Aber was braucht denn ein Fuchs zum Glücklichsein? Schule, na sicher: Das Konzept kennen die Gäste ja. Und es ist eben auch Mitmach- und Reinruftheater, klar. Aber ist Schule das Richtige? Vielleicht doch lieber eine zünftige Hühnerjagd. „Ich bin vegan“, mault der Fuchs zwar erst, schleicht sich aber dann doch in den handelsständischen Hof mit mittelbäuerlicher Hühnerzucht ein.

Slapstickmoment jagt den nächsten, grölende Kinder, dazu dieses zum Schreien komische Fuchs-Wildschwein-Gefrotzel. Der schwierige Kampf um die Aufmerksamkeit der Kinder gelingt dem Stück überraschend gut, die Konstellation wird überdreht, ohne jemals albern zu wirken. Slapstick für die Kleinen, Satire für die Großen: Für Erwachsene ist das Stück dagegen auf einer fast frivolen Ebene komisch, etwa wenn in einer kalauernden Beziehungsszene Fuchs und Wildschwein als Egon und Hannelore ihr Eheleben zelebrieren.

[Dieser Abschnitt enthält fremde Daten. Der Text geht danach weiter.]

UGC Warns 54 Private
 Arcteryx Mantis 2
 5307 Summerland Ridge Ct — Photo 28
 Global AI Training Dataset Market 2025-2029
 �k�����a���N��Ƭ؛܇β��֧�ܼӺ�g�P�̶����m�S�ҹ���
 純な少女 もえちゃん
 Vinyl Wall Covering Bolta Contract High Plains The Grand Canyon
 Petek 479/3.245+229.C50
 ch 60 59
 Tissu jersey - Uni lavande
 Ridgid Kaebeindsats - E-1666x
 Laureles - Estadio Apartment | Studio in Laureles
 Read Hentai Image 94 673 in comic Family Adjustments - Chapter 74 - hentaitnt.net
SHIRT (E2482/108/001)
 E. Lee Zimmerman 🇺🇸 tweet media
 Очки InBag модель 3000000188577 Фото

Aber es ist ein durchweg humanistisches Narrativ, ganz mit den klassischen Elementen einer Fabel, bis hin zur Moral – und in das Witzige donnert unvermittelt wieder die ganze Tragödie des Sujets hinein: Leute, hier wird heute noch gestorben! Aber es ist eben auch ein Plädoyer für ein sinnvolles Leben: „Niemand weint über das Leben, und deswegen sollte auch niemand über den Tod weinen.“ Das Gegenteil verkörpert die sekundenzählende grantige zweite Eintagsfliege (Tobias Dutschke), die während des Stückes für eine wunderbar schräge Klanginstallation sorgt, die fast ein wenig untergeht: „Wer backt schon zum Frühstück Brötchen, wenn man abends ins Gras beißen muss?“

Der Abschied kommt dann doch, und er wird in seinem ganzen hoffnungsvollen Anstrich inmitten der grünen Bühne nur umso tragischer. „Doch ein Ende gibt es, weil’s ein Ende geben muss“, singen alle ganz leise, als es dann doch kein Zurück mehr gibt. Immerhin, das Stück tut gut daran, den schwierigsten Teil nicht zu verschweigen oder in Pastelltönen zu verwaschen. Man darf, man soll, ja man muss auch traurig sein. So versöhnlich das ist, so tief steckt dann auch der Kloß im Hals, wenn der verdiente Applaus kommt. Was für ein tragisch-schönes Stück!

„Nur ein Tag“ von Martin Baltscheit, nächste Aufführungen am Sonntag, 5. März, 15 Uhr und am Montag, 6. März, 9 Uhr und 11 Uhr.